En application de ces dispositions, M. [S], qui a 5 ans d’ancienneté durée du préavis inclus, peut prétendre à une indemnité de [(4 062,98/4) x 5] = 5 078,72 euros nets.

Sur les dommage et intérêts pour licenciement sans cause réelle et sérieuse

M. [S] ayant plus de deux ans d’ancienneté dans une entreprise employant de manière habituelle plus de onze salariés, il est fondé à obtenir réparation du préjudice résultant de son licenciement sans cause réelle et sérieuse, conformément aux dispositions de l’article L.1235-3 du code du travail dans sa rédaction issue de l’ordonnance 2017-1387 du 22 septembre 2017 applicable au présent litige.

En considération de son ancienneté de cinq ans qui fixe le montant de l’indemnité entre trois et six mois de salaire, de son âge au moment de la rupture du contrat de travail (31 ans), des circonstances de la rupture, et de ce qu’il justifie avoir perçu des indemnités Pôle emploi pendant un an avant de retrouver un emploi, il y a lieu d’allouer à ce titre à M. [S] une somme de 15 000 euros nets.
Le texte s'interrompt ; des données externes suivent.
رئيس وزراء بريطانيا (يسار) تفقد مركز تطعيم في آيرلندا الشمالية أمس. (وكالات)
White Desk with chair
II – c) Sur les demandes accessoires

Les conditions de l’article L.1235-4 du code du travail étant réunies, il convient d’ordonner le remboursement par l’employeur fautif aux organismes intéressés des indemnités chômage versées au salarié licencié dans la limite de trois mois d’indemnités de chômage, du jour de la rupture au jour de la présente décision.

Conformément à la demande du salarié, il convient d’ordonner la remise de l’attestation Pôle Emploi et d’un bulletin de salaire rectificatif mentionnant l’intégralité des indemnités et rappels de salaires mentionnés dans le présent arrêt, sous astreinte de 30 euros par jour de retard passé le délai d’un mois à compter de la signification de la décision.

III – Sur les dépens et frais irrépétibles

En qualité de partie succombante, il y a lieu de condamner la société Connecteurs électriques Deutsch aux entiers dépens, y compris ceux de première instance, de la débouter de sa demande formulée en application de l’article 700 du code de procédure civile et de la condamner à payer à M. [S] la somme de 3 000 euros sur ce même fondement pour les frais générés tant en première instance qu’en cause d’appel pour les frais non compris dans les dépens.

PAR CES MOTIFS

LA COUR

Statuant publiquement par arrêt contradictoire rendu par mise à disposition au greffe,

Infirme le jugement entrepris en toutes ses dispositions ;

Statuant à nouveau,

Condamne la SAS Connecteurs électriques Deutsch à payer à M. [T] [S] les sommes suivantes :

prime ‘PMIP’ pour l’année 2018 : 4 158,10 euros bruts

indemnité compensatrice de préavis : 12 188,94 euros bruts

congés payés y afférents : 1 218,89 euros bruts

indemnité légale de licenciement : 5 078,72 euros nets

dommages et intérêts pour licenciement

sans cause réelle et sérieuse : 15 000,00 euros nets

Ordonne le remboursement par la SAS Connecteurs électriques Deutsch aux organismes intéressés des indemnités chômage versées à M. [T] [S] dans la limite de trois mois d’indemnités de chômage, du jour de la rupture au jour de la présente décision ;

Ordonne à la SAS Connecteurs électriques Deutsch de remettre à M. [T] [S] une attestation Pôle Emploi et un bulletin de salaire rectificatifs conformes à la présente décision, sous astreinte de 30 euros par jour de retard passé le délai d’un mois à compter de la signification de la décision ;

Condamne la SAS Connecteurs électriques Deutsch aux entiers dépens de première instance et d’appel ;

Déboute la SAS Connecteurs électriques Deutsch de sa demande au titre des dispositions de l’article 700 du code de procédure civile ;

Condamne la SAS Connecteurs électriques Deutsch à payer à M. [T] [S] la somme de 3 000 euros au titre des dispositions de l’article 700 du code de procédure civile pour les frais exposés tant en première instance qu’en cause d’appel.